Kinetic mechanisms of the in situ electron beam-induced self-organization of gold nanoclusters in SiO2

Abstract

Gold nanoclusters (NCs) were produced in thin SiO2 film by a sequential sputtering deposition procedure. In situ time-lapse studies of the NCs size distribution and morphology under 200 keV electron-beam irradiation have been performed using a transmission electron microscopy. Such a study has revealed the microscopic kinetic mechanisms of the NCs growth.

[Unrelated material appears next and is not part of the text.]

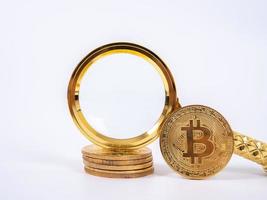gyllene bitcoin replik och förstoringsglas på vit bakgrund. affärs- och finanskoncept. foto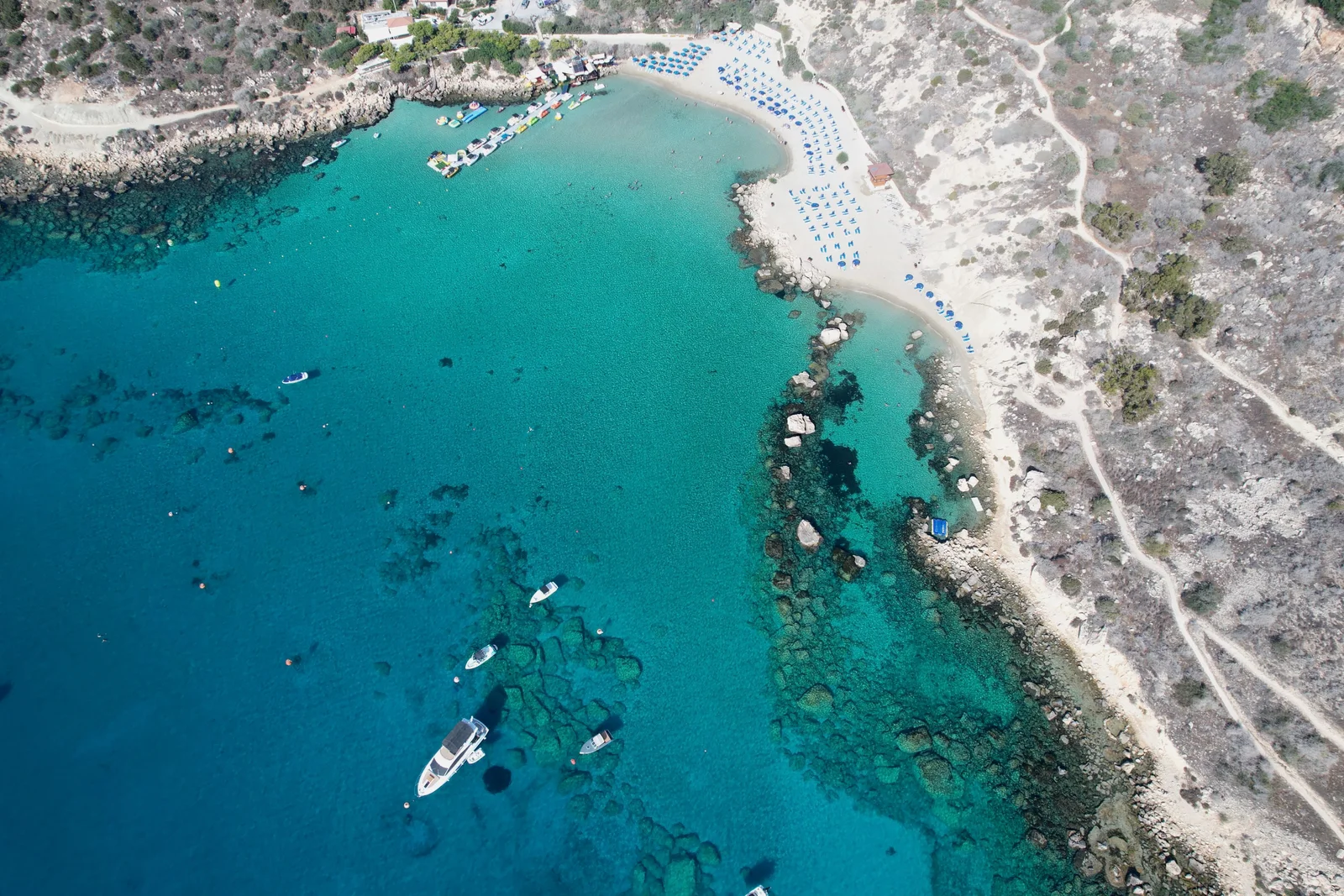 Stunning sunset view of rugged cliffs along the Mediterranean coast in Zypern, perfect for travel enthusiasts.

In the 0–1620 s irradiation time range, the NCs growth process was found to be formed by two stages: in the 0–720 s time range, the main growth mechanism is demonstrated to be an electron beam-induced ripening of three-dimensional particles controlled by the Au diffusion in the SiO2 matrix. The application of the classical ripening theoretical model allowed us to derive the room-temperature Au diffusion coefficient in SiO2 under the electron-beam irradiation. In the 900–1620 s time range, the main growth mechanism is found to be a particle sintering in which neighbouring NCs form necks, by a partial deformation of their surfaces, through which the Au atomic diffusion occurs from the smaller NCs to the larger one. About the NCs morphology, three main classes of NCs were identified on the basis of their internal atomic structure, as a function of the irradiation time: FCC crystal structure, icosahedral-defect free structure and decahedral multi-twinned structure.